“A Parliamentary Pentecost” is how I can best describe my first experience as a Deputy to General Convention. The Holy Spirit was clearly at work at Convention as we heard hard truths about our Church’s past, such as our involvement in Boarding Schools aimed at erasing Indiginous culture and identity. We heard a powerful witness from a Deputy from the Navajo Nation, who could not have been much older than my mother, who told her story as a student in such a school, and the impact it had on her, and her nation–and her joy that the Church had finally recognized this issue in Resolution A127 which was adopted by Convention, a small but important first step in reconciliation.

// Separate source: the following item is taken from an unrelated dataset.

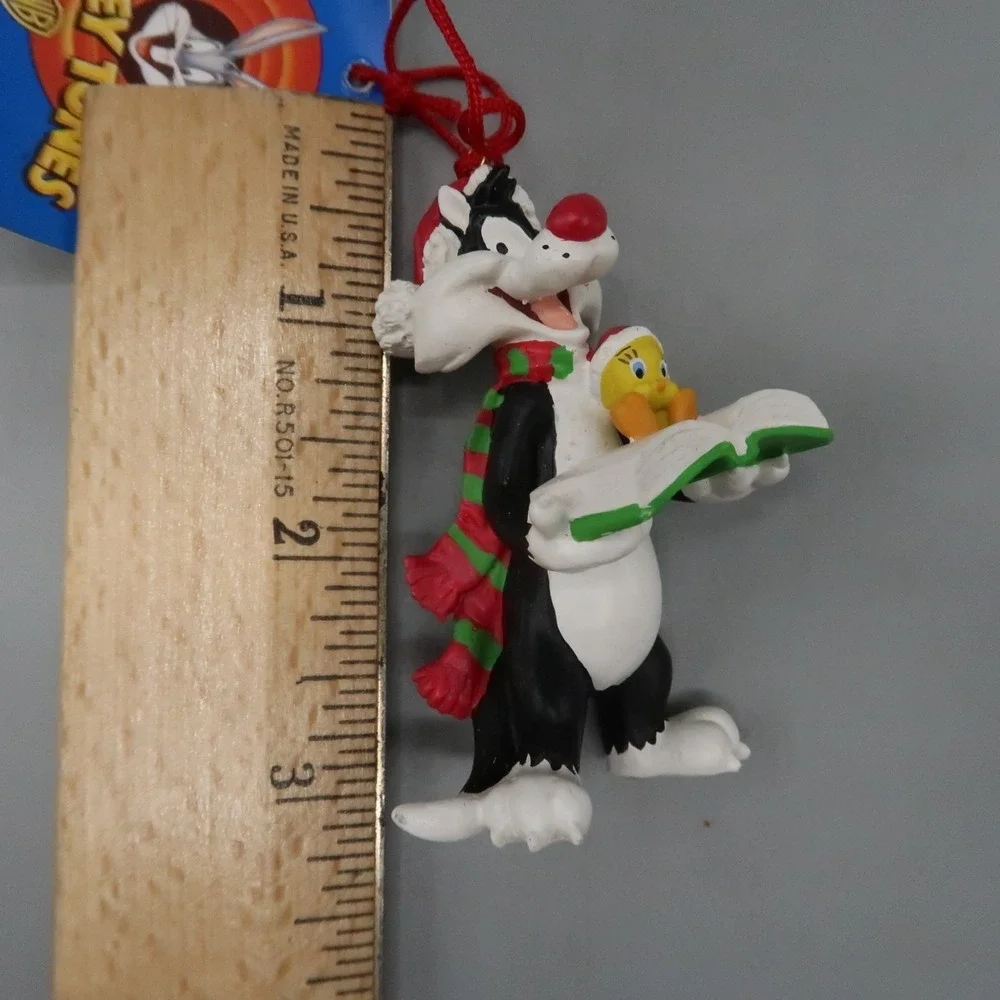 Sylvester Cat Bugs  Bunny Caroling Christmas Ornament Looney Tunes  Avon 1998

The Holy Spirit also made Herself known in prayer book reform, calling the Bishops to enter into discernment, where they ultimately adopted unanimously a better path forward on prayer book revision.
I was also grateful that our Church passed several resolutions aimed at Creation Care, not only in the nation and our world, but also in our Church. One such resolution was one I authored to urge the Church to expand its use of virtual meetings for governance at all levels of the Church to help reduce our harm to creation generated by travel, and to save resources that can be used for other vital areas of ministry.
So many things I expected to be contentious this Convention turned out not to be so. The Holy Spirit molded Her Church through those packed 4 days, and also uplifted many new young leaders in our Church with talent and vision. Like many of you, I often worry about the future of our Church–but I was heartened at what I saw during this Convention, and to see the Holy Spirit at work. While we all entered General Convention with our own idea of how the Church should work, we came out doing things we didn’t foresee going in–yet with faith that we had lived up to our calling, and had been all the better for listening to the Spirit rather than ourselves.